In this case, the image paths are interpreted relative to the directory containing the
CSV file, i.e., `my_data_dir/`.

To train with this CSV-based structure, set the `data` argument like this:

```python
import lightly_train

if __name__ == "__main__":
    lightly_train.train_image_classification(
        out="out/my_experiment",
        model="dinov3/vitt16",
        data={
            "train_csv": "my_data_dir/train.csv",
            "val_csv": "my_data_dir/val.csv",
            "classes": {
                0: "cat",
                1: "car",
                2: "dog",
                # ...
            },
            # Optional, classes that are in the dataset but should be ignored during
            # training.
            "ignore_classes": [0],
        },
    )
```

Notes:

- Image paths must either be absolute or relative to the directory containing the CSV
  file.
- Multiple labels are separated by a delimiter (default: `","`).
- When using commas as label delimiters, the label field must be quoted.
- Labels can be specified either as class IDs or class names.

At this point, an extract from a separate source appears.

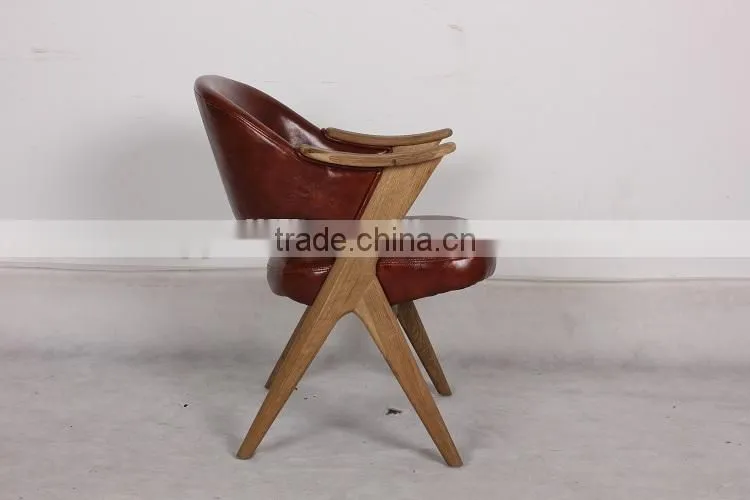 French Country Style Living Room Chair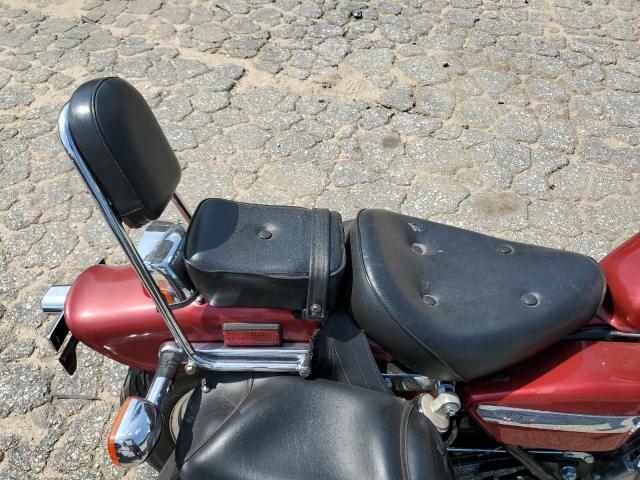 2002 HONDA CMX250 C - JH2MC13072K802568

#### Supported CSV Options

The behavior of CSV parsing can be configured via the `data` argument:

```python
import lightly_train

if __name__ == "__main__":
    lightly_train.train_image_classification(
        out="out/my_experiment",
        model="dinov3/vitt16",
        data={
            "train_csv": "my_data_dir/train.csv",
            "val_csv": "my_data_dir/val.csv",
            "classes": {
                0: "cat",
                1: "car",
                2: "dog",
                # ...
            },
            # Optional, classes that are in the dataset but should be ignored during
            # training.
            "ignore_classes": [0],
            # Extra arguments for CSV-based datasets.
            "csv_image_column": "image_path", # Name of the column storing image paths.
            "csv_label_column": "label",      # Name of the column storing labels.
            "csv_label_type": "name",         # Type of labels either "name" or "id".
            "label_delimiter": ",",           # Delimiter used to separate the labels.
        },
    )
```

(image-classification-model)=

## Model

The `model` argument defines the backbone model used for image classification. All
LightlyTrain models are supported as backbones. For example:

- `dinov3/vitt16`
- `dinov2/vitb14`
- `timm/resnet18`
- `torchvision/resnet50`

See [Models](pretrain_distill/models/index.md) for a full list of supported model
backbones.

## Training Settings

See [](train-settings) on how to configure training settings.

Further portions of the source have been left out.